中文导读
6月16日,电子商务巨头亚马逊宣布将以137亿美元收购美国最大的有机食品零售商全食超市。这是亚马逊迄今为止最大的并购交易,也展示了其进军零售业的勃勃野心。亚马逊高效的物流体系和全食已有的店铺、仓储体系结合下,将会对沃尔玛、Costco等竞争者产生怎样的冲击
,我们拭目以待。
The deal intensifies Amazon’s battle with the beast of Bentonville
JEFF BEZOS does not like sitting still. In his annual letter to Amazon’s shareholders this year, he warned of “stasis. Followed by irrelevance. Followed by excruciating, painful decline. Followed by death.” Competitors are toiling to avoid the same fate but it is hard to keep up. On June 16th Amazon said it would pay $13.7bn for Whole Foods, an upscale grocer known for its organic produce. Lest be accused of sloth, four days later Amazon announced a new service to let shoppers try clothes at home, for no fee, then return those they don’t like.
The news that Amazon would make clothes shopping even easier is a blow to America’s apparel chains, many of which are already in the middle of that excruciating decline. Yet it was the Whole Foods deal, more than ten times bigger than any acquisition Amazon has made so far, that caused the bigger stir.

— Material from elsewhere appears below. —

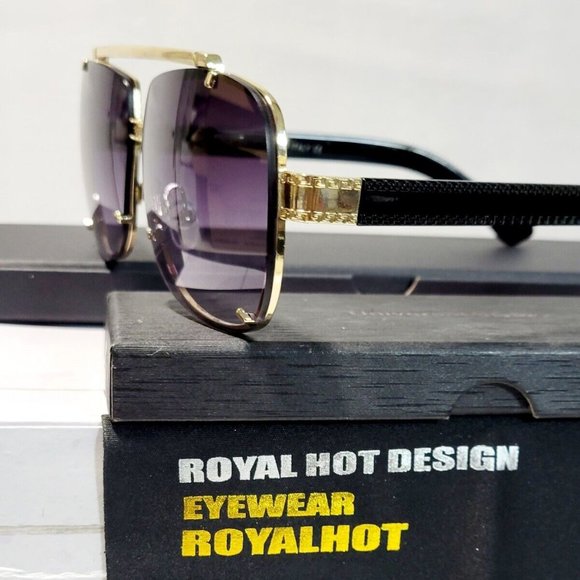 Womens Polarized Sunglasses 100%UV Visual Clarity 60mm Black/Gold Metal Frame main image 9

The deal’s precise impact is hard to gauge. Buying Whole Foods hardly gives Amazon a stranglehold on food and drink: the combined companies will account for just 1.4% of America’s grocery market, according to GlobalData, a research firm. The people who shop at the chain are not the mass market. They are unusually wealthy and well-educated (see chart). Mr Bezos has made no big announcements about changes at Whole Foods—drone-delivered spelt grain is unlikely to become a reality soon. Instead he simply praised its work and said “we want that to continue.”
Nevertheless, the news prompted the shares of a large group of rival grocery firms, including Walmart and Kroger, to sink quickly. As with so much about Amazon, the Whole Foods deal is important not for what it represents now but how it might transform Amazon and up-end rivals—most notably, Walmart—in future.
Up to now, grocery has been a tough nut for Amazon to crack. A growing share of office supplies and clothes are bought online, yet last year e-commerce accounted for just 2% of American spending on food and drinks. Amazon Fresh, a ten-year-old grocery-delivery service, is still in only 20-odd cities. Prime Now, a two-hour delivery service introduced in 2014, is in 31.
That is because grocery’s margins are low and its goods devilishly hard to deliver. Peaches bruise. Meat rots. Many consumers like to buy food in person: unlike choosing a battery or book, selecting a ripe tomato requires inspecting it or trusting someone who has.